Le vote des budgets de Ministères en charge de l’Education dans leur présente mouture signifierait pour le SUDES et les enseignants en général :

 Le déni manifeste de déficit d’enseignants dans le système éducatif, alors que les grèves d’élèves se multiplient dans le pays pour réclamer des professeurs, que les effectifs pléthoriques par classes explosent, suite aux campagnes en faveur du droit à l’éducation pour tous au cours de la décennie écoulée, que de nombreux enseignants voient leur santé abîmer par la surcharge de travail, etc.

 Le retard inacceptable dans la mise en œuvre des protocoles d’accord que le gouvernement a librement signés avec les organisations syndicales, notamment d’enseignants

 Le doute quant à la volonté politique forte du gouvernement de mettre en œuvre à court terme, les pertinentes recommandations des Assises de l’Education et la CNAES, sous le prétexte du manque de ressources.

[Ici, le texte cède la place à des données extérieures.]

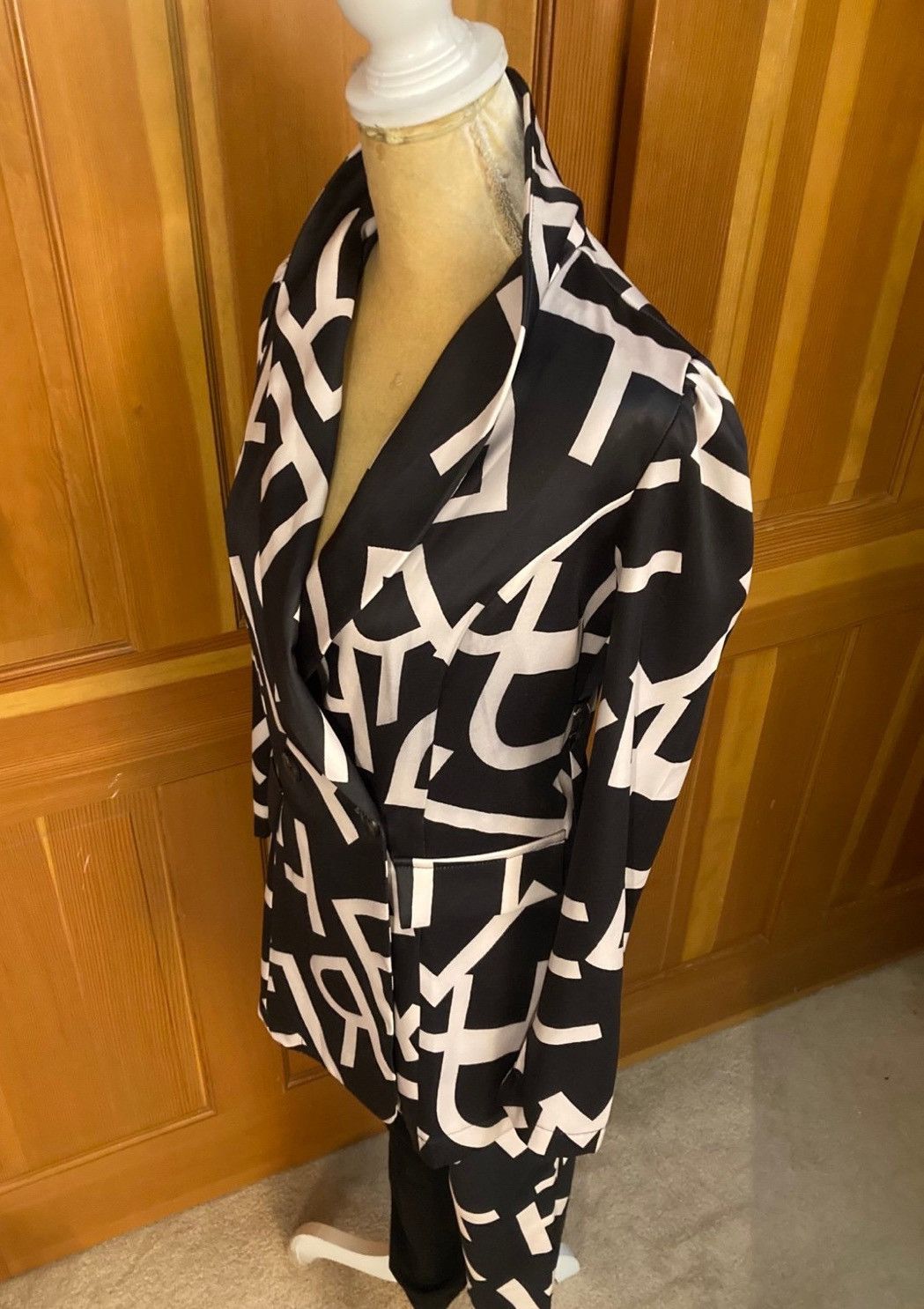 Designer × Other New, Women’s Lavishly Paris Letter Print Pantsuit. Size M / US 6-8 / IT 42-44 - 8 Thumbnail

Alors qu’il importe d’œuvrer au plus vite à sortir notre système éducatif de l’ornière dans laquelle il est englué depuis des décennies,

En définitive, les orientations et mesures budgétaires proposées par le gouvernement constituent des facteurs de crises et de conflits sociaux, susceptibles d’affecter durablement l’Ecole et l’Université publiques, déjà fortement fragilisées.

Les luttes sociales, dans une telle perspective, seraient d’autant plus légitimes et justes qu’il existe un sentiment largement partagé dans l’opinion nationale, à savoir que les sacrifices à consentir dans la mobilisation des ressources internes pour le P.S.E. ne sont guère équitablement répartis. C’est l’austérité pour la masse des travailleurs alors que le train de vie de l’Etat, au sommet, ne cesse de devenir dispendieux avec des budgets revus à la hausse et des augmentations substantielles, parfois à coups de millions, pour certains (Ministres, DG d’agence, conseillers du CESE, retour annoncé du SENAT etc.).

Honorables Députés du peuple !

L’heure est grave ! Il convient d’en prendre toute la mesure pour apporter les inflexions nécessaires au projet du gouvernement, dans une perspective de sauvegarde de la paix sociale indispensable au succès du P.S.E. et au bon fonctionnement de l’Ecole et de l’Université publiques.

Le SUDES compte sur votre profonde compréhension des enjeux pour répondre à son invite avant le vote.
Veuillez croire honorables députés, à l’expression de nos sentiments les plus patriotiques et à l’assurance de notre considération la plus parfaite.